Continuing our exploration of Vietnamese recipes, this lemongrass marinated chicken recipe is easy enough to make on a weeknight and packs enough flavor to delight dinner party guests. I brought back some Vietnamese basil and chili seeds from my travels to Vietnam, and this summer, a certain federal judge was kind enough to grow them for me in his garden. This dish incorporated both ingredients nicely. Of course, not everyone has home-grown Vietnamese basil and chilis, but you can substitute Thai basil and chilis from your local Asian specialty store. This dish is also great for an outdoor barbecue, and tastes even better using a charcoal grill.
Like many Vietnamese recipes I have written about, this dish requires finely minced lemongrass and chopped roasted peanuts. If you make a lot of these dishes like I do, it’s best to mince several stalks of lemongrass at once – either by hand or in a food processor – and then leave them in an airtight container in your freezer for easy access. Chopped peanuts can also last for a good amount of time in your pantry.

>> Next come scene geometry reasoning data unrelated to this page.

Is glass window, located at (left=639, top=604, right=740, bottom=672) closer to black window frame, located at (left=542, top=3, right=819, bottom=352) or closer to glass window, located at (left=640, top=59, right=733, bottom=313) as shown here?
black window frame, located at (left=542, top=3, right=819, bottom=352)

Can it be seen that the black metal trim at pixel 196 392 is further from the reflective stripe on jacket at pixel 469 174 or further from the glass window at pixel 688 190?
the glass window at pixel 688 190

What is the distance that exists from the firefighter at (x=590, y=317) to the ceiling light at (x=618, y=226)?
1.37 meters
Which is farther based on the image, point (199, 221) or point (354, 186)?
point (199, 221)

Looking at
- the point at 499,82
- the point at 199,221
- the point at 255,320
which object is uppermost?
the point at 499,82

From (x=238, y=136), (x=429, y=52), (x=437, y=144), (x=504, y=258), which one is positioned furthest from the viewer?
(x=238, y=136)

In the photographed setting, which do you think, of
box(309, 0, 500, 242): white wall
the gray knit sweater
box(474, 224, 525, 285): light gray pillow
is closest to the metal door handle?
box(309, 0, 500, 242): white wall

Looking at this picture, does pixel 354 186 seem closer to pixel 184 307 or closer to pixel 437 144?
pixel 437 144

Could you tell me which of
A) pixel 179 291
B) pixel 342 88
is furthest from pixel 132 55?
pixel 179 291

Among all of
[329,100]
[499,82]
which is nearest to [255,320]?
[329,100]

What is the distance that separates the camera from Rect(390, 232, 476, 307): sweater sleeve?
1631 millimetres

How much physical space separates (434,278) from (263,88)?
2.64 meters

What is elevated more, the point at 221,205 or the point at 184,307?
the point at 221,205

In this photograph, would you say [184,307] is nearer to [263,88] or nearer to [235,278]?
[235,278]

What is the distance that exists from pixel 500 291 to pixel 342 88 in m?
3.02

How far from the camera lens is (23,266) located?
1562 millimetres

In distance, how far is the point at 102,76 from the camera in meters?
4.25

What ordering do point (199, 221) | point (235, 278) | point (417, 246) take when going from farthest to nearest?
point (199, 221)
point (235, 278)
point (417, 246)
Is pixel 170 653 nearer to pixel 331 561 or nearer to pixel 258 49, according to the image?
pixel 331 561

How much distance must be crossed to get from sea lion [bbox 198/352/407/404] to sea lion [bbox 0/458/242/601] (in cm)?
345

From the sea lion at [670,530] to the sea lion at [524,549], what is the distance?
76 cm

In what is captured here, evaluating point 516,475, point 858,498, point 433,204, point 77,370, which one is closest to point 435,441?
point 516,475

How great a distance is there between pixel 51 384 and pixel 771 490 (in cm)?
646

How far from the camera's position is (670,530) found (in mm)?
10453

This is another dish where you can employ nước chấm – the addictive sweet, sour, salty and spicy Vietnamese dipping sauce. You can find the recipe here.
Grilled Lemongrass Chicken – Bún gà nướng sả
- 2 lbs boneless skinless chicken breasts
- 1/2 cup finely minced lemongrass
- 2-3 garlic cloves
- 1 tablespoon coriander seeds or ground coriander
- 1 tablespoon canola oil
- 1 1/2 tablespoons kosher salt
- 1 tablespoon freshly ground black peppper
- 1 package dried rice vermicelli noodles
- 1/2 cup or more Thai or Vietnamese basil
- 2 tbsp finely chopped roasted peanuts
- Flavored fish sauce (nước chấm) to taste
Prep your ingredients. Finely mince the lemongrass, if you don't have any already prepared. If not, cut the bottom half-inch off the lemongrass stalk as well as the greenish top portion of the stalk, and discard. Peel the outer layers, and then with a sharp chef's knife, thinly slice the stalk into coin-shaped pieces. Mince the coins until you are left with tiny bits. Or use a food processor. Peel and mince the garlic cloves. Toast the coriander seeds, if using, in a dry pan until fragrant, then grind.
In a bowl, combine the lemongrass, garlic, ground coriander, salt, pepper, and oil. Stir until the mixture forms a paste-like consistency. Rub the spice mixture on the chicken breasts and let marinate at room temperature for 20-30 minutes.
Meanwhile, boil the water necessary to cook the vermicelli noodles, shred the basil, and chop the peanuts. When the water is boiled, place the noodles in a bowl and pour the water over it. Let it stand until done, according to the noodles' package instructions, usually 9-10 minutes. When the noodles are done, drain the water, and toss noodles with some canola oil to prevent sticking. The noodles should be room temperature when you serve them.
When the chicken is done marinating, light a gas or charcoal grill or broiler, and grill or broil the chicken until done, 8-10 minutes per side.
While the chicken is cooking, make the nước chấm, if you don't have some saved already.
When the chicken is done, let cool slightly, then cut into strips.
Arrange a mound of vermicelli noodles on a plate and top with several strips of chicken. Top with plenty of basil and chopped peanuts. Serve immediately, pouring on some nước chấm to taste.